• _WHAT YOU SHOULD DO_:
Lines outside the range are not wanted. Give again exactly the lines between the line holding "Thumbnail 1 in" and the line holding "721 Clay St", inclusive, from the listing below.

• _INPUT DATA_:
###

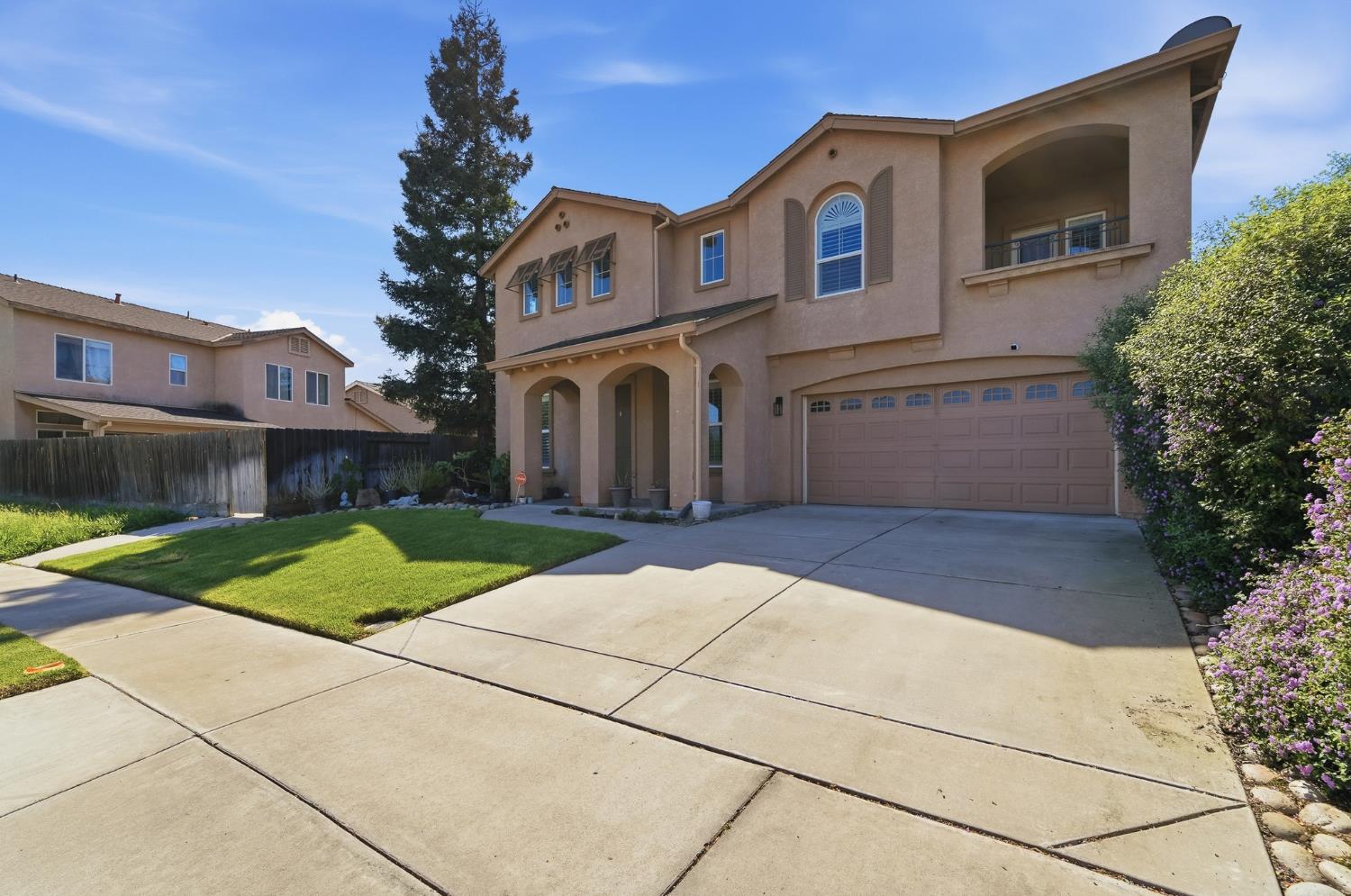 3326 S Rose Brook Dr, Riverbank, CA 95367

###

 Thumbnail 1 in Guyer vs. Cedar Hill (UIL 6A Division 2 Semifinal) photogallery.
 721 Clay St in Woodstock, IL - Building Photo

###

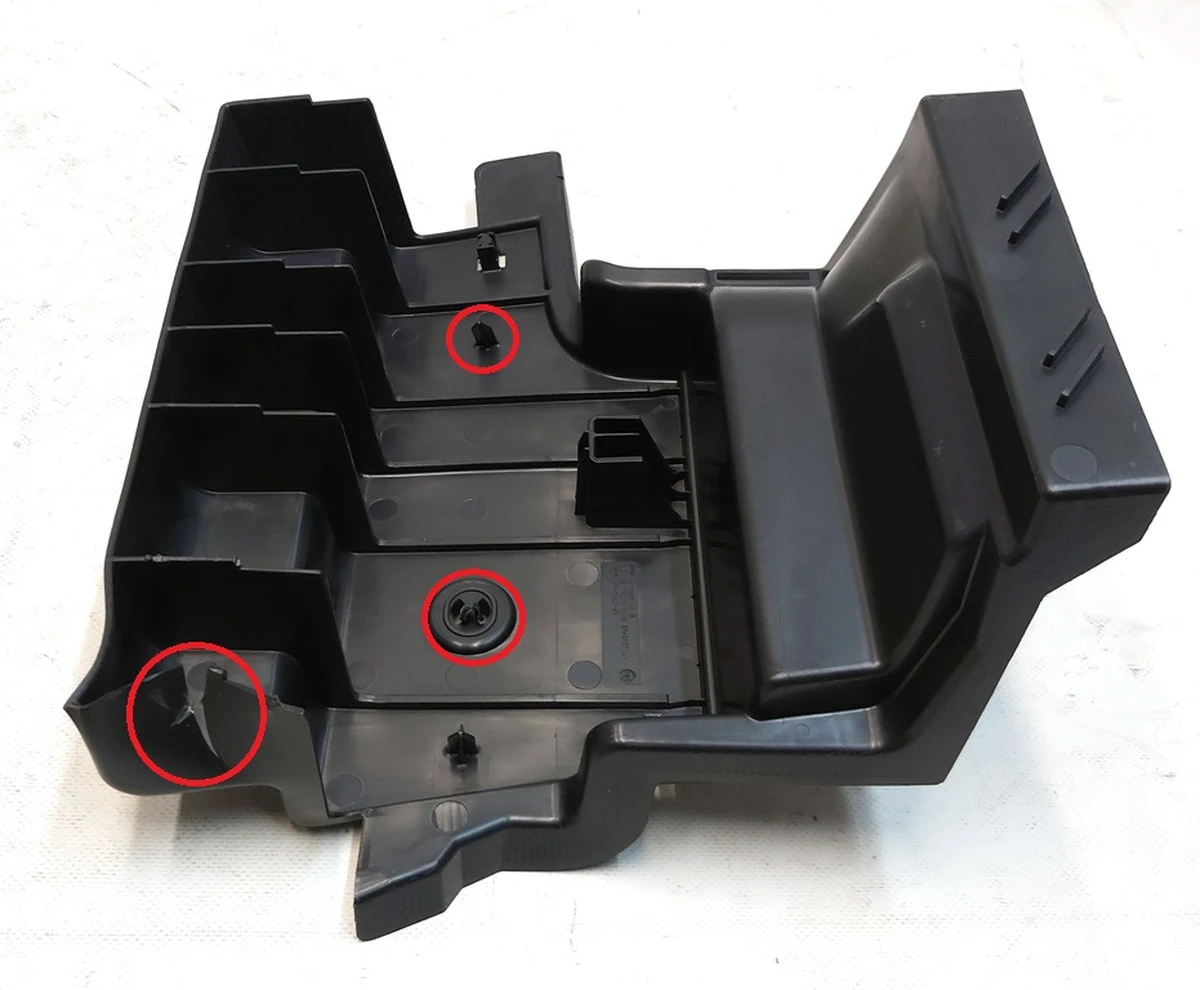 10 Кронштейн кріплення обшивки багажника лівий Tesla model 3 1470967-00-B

###

• _ANSWER_:
 Thumbnail 1 in Guyer vs. Cedar Hill (UIL 6A Division 2 Semifinal) photogallery.
 721 Clay St in Woodstock, IL - Building Photo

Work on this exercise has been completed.